Brin Milo, a young lad, around seventeen years old was a butler (of sorts) on Tanith. He found himself helping Gaunt escape the planet tearing conflict on Tanith – Gaunt repaid him by helping him survive that conflict. He is now Gaunt’s aide. The Ghosts have never taken to him as they remind him of home, of those they have lost. Many of them dislike the boy as they question his survival over those they love. Milo’s story shows us this side of the Ghosts and also helps to evaluate the lad to one of the most popular in the series, for both the reader of those of the Tanith First and Only.
His story brings into question his uncanny trick of guessing – he is considered a latent pskyer, which is a really crap thing to be in the Warhammer 40,000 universe. They are classed as heretics (on the whole) and executed there and then if found wanting. Inquisitor Lilith (from Ravenor fame) interrogates Brin and questions Gaunt’s motives for having such an anomaly under his remit. The story was interesting, but it just turned into one of guile by Milo and I personally found it wanting.
Cafferyn gets a shove into the limelight at some nameless conflict. A naval beach incursion begins with Cafferyn partially drowned and deep in thought – an instant goes by, a flash of the past, He finds himself on Tanith their home planet, surrounded by the conflict occurring around, of those drowning with him. It’s a very real and at the same time surreal moment. A well-used bit of stylistic device plays out. The real meat of the story is to prepare Cafferyn for leadership in the possibly future – a hint, a push there and here. For me it was a rather nothing incident and completely out of place with the narrative previously.

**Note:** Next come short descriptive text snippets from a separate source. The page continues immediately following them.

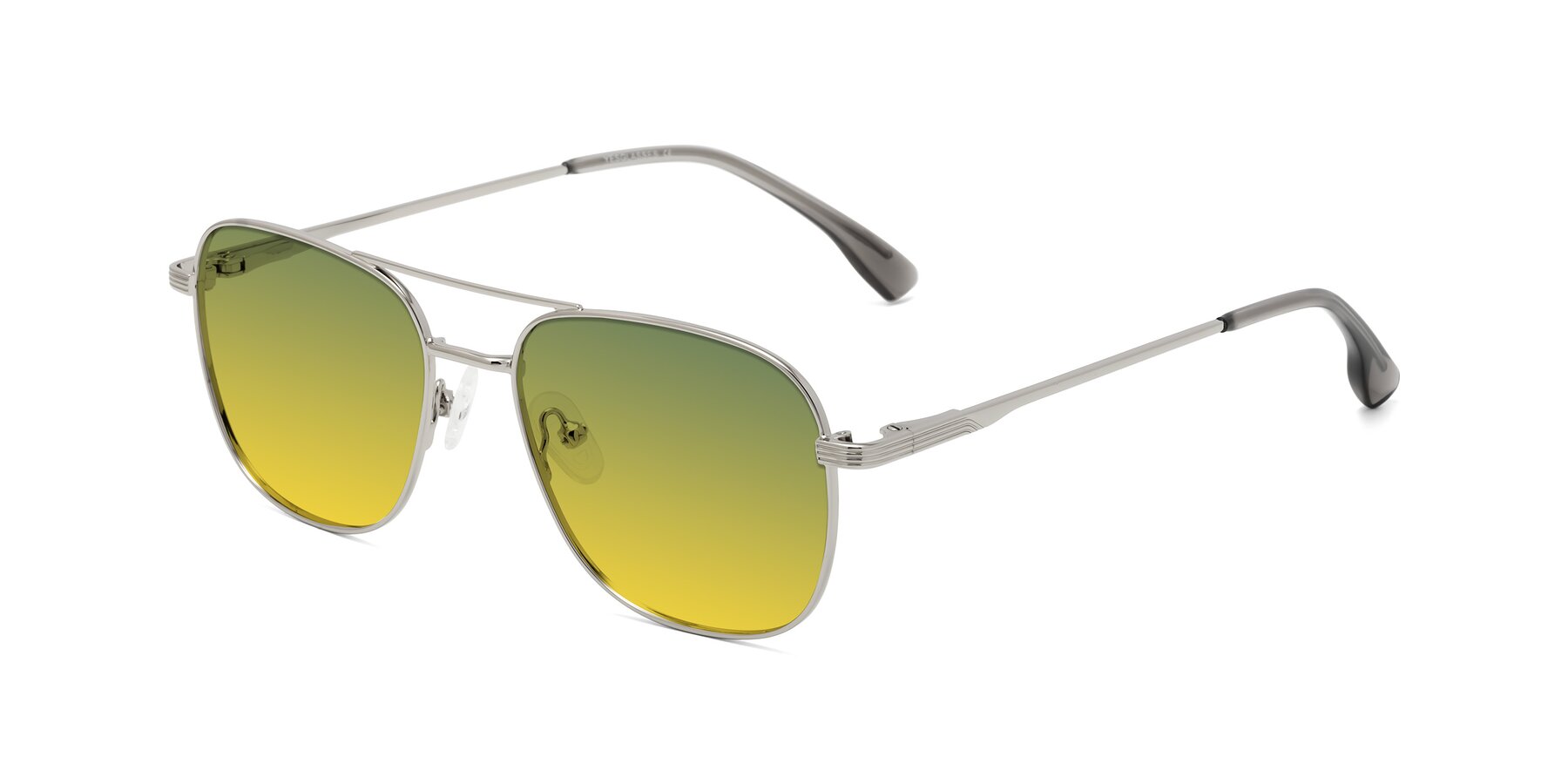 Angle of Summer in Silver with Green / Yellow Gradient Lenses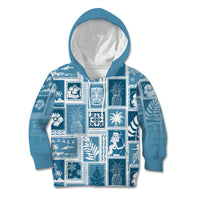 Hawaii Christmas Retro Patchwork Kid Hoodie Aquamarine - Wonder Print Shop
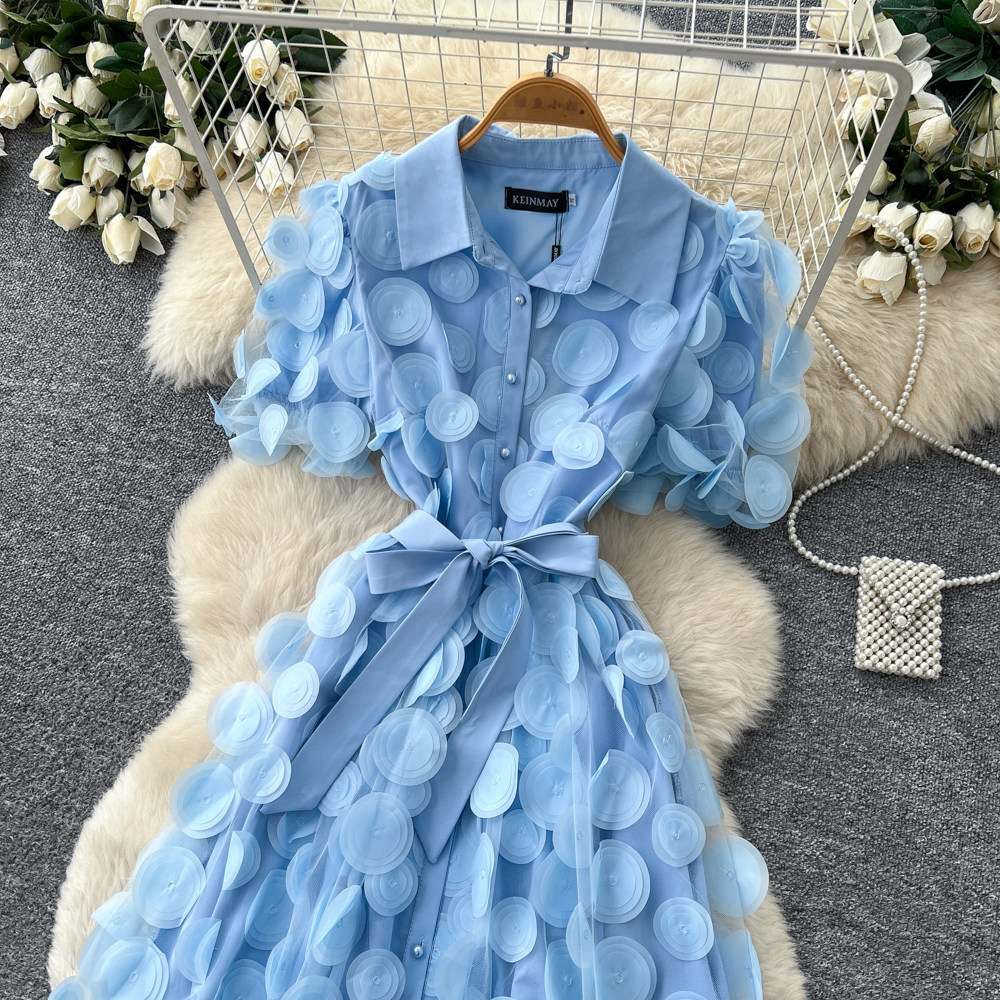 Elegant French Style Lace Dress for Women Summer Short Sleeve A-Line Skirt Tie Waist Sophisticated Lapel_ecoleips.com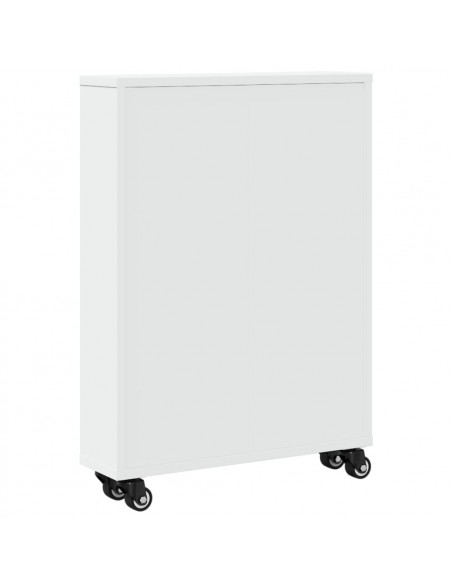 Carrello Portaoggetti Stretto Bianco 48x13x68 cm in Truciolato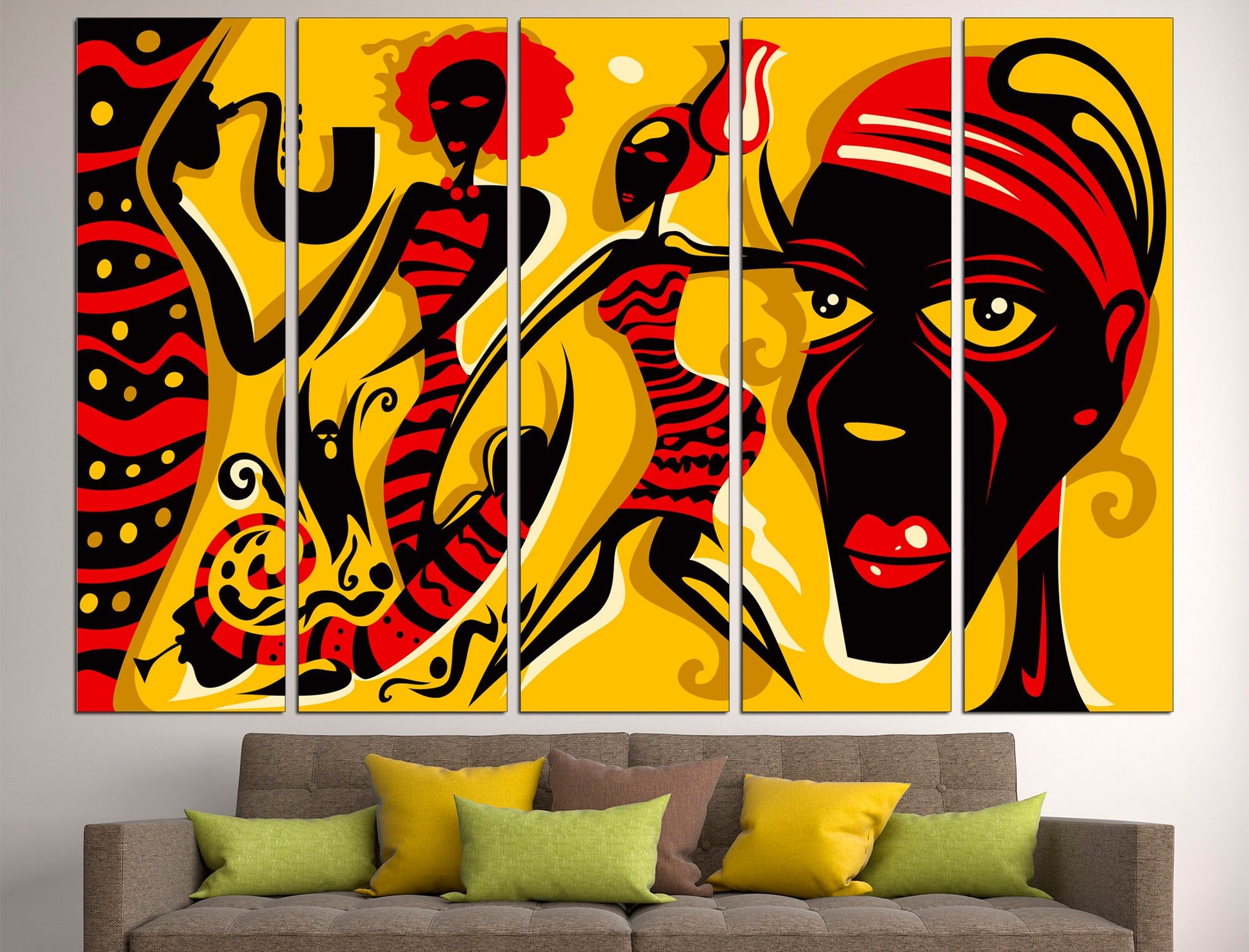 Abstract african art African women canvas African wall decor, Ethnic wall art Africa canvas art African triptych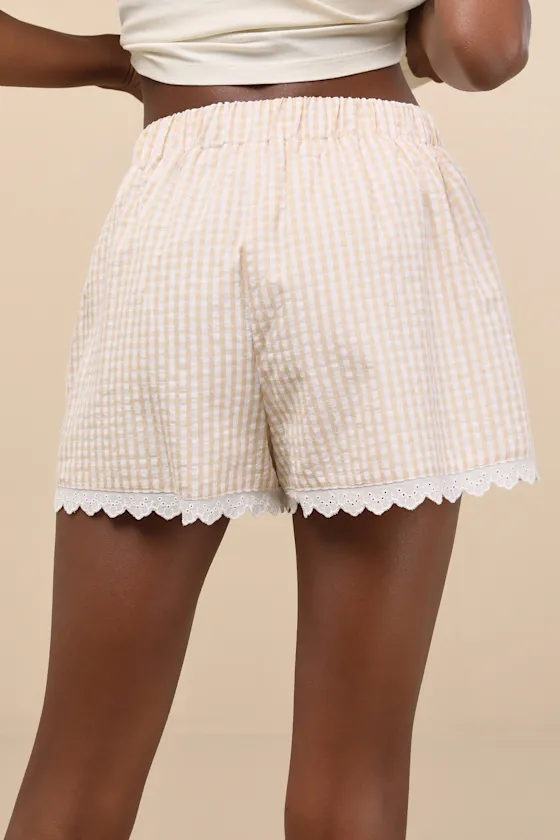 Marija Beige Gingham Scalloped Shorts sold by Lulus product image thumbnail 3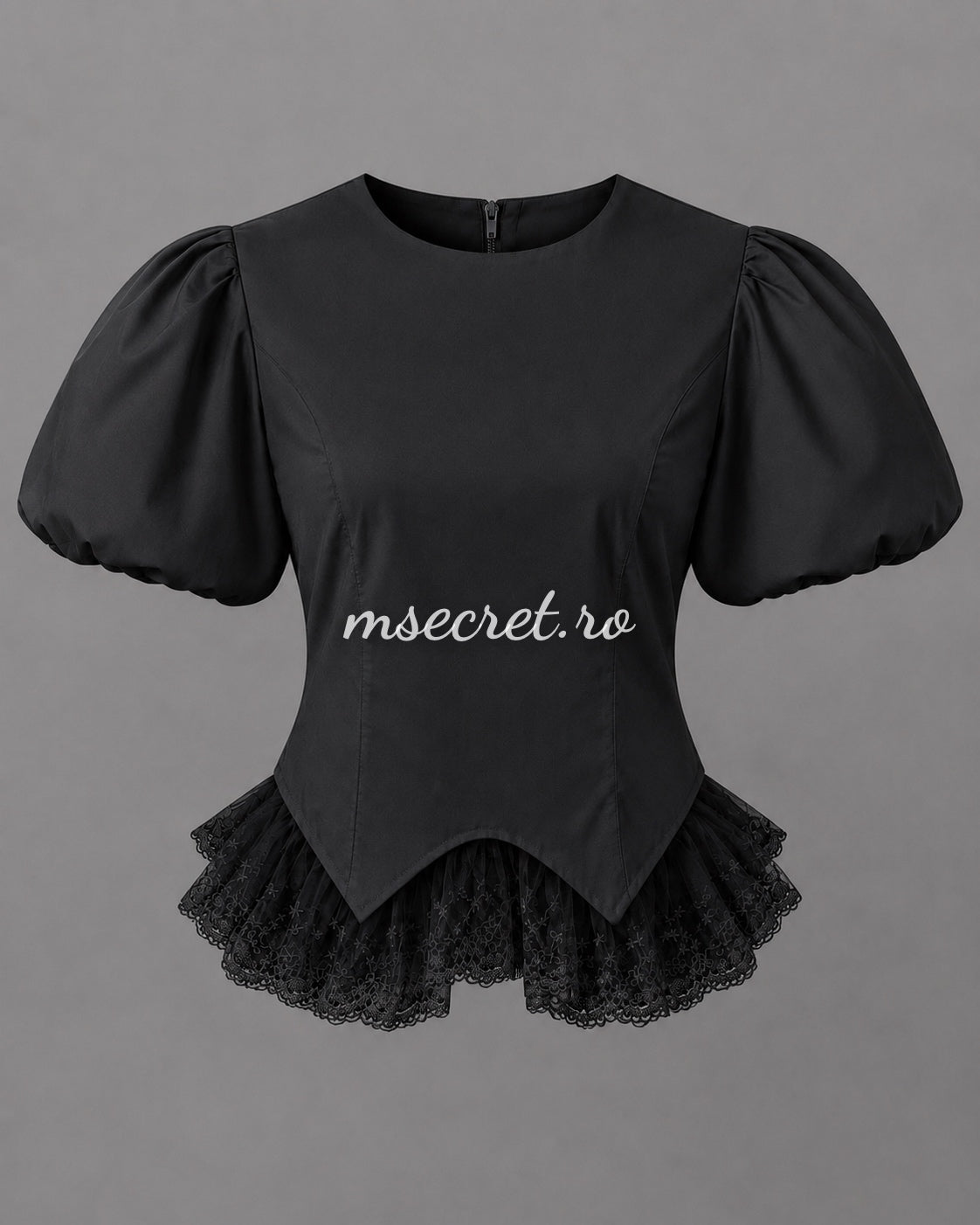 Black shirt with puffed sleeves and embroidered tulle detail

As I writing this, I just realised I’ve missed out ‘Mad’ Larkin’s story – now I know I mentioned that I didn’t like some of the stories, this one was hit and miss for me. He is a flippin’ loon in very LOOSE psychological terms – who wouldn’t be in a universe where there’s only war to look forward to. It’s breakfast, lunch and dinner, every day and all day! Larkin finds himself in an abandoned church during a push to remove Chaos cultists from a series of aqueduct – he ran, or did he. The answers are found when he finds himself talking to an omnipotent (well in his mind) angel, who questions Larkin’s motives for running. Dialogue is had, we’re shown just how close Larkin is to losing it. Didactic comes into play, so often when writers are using a moment of psychosis to show a character’s true nature. Larkin’s real moments are shown when he picks up his sniper rifle. As I’ve said, it was OK, I felt the story was rushed, like many others’ in Ghostmaker.
The real problem with Ghostmaker is the number of stories going on, which caused me a lot of confusion when trying to base what is actually occurring. There are a multitude of conflicts happening, from the planets; Caligula, Monthax, some nameless beach, some nameless battle, some nameless person, somewhere, everywhere. The narrative jumps back and forth, sideways and up and down. I rather felt like I was at the axis watching the stories unfold in a rather unintelligent way. Head spinning, it was my Clockwork Orange moment; being stuck in front of those monitors, sheez.
The second book in the series is a mix bag, it’s certainly controversial with those who read the on-going series. A love/dislike relationship. I personally am on that fence per se. I’m in the middle ground, which leaves me feeling like I’m not committing an opinion. Oh, I’ve got one, don’t try to fit so many sub-narratives into a three-hundred-page novel. There.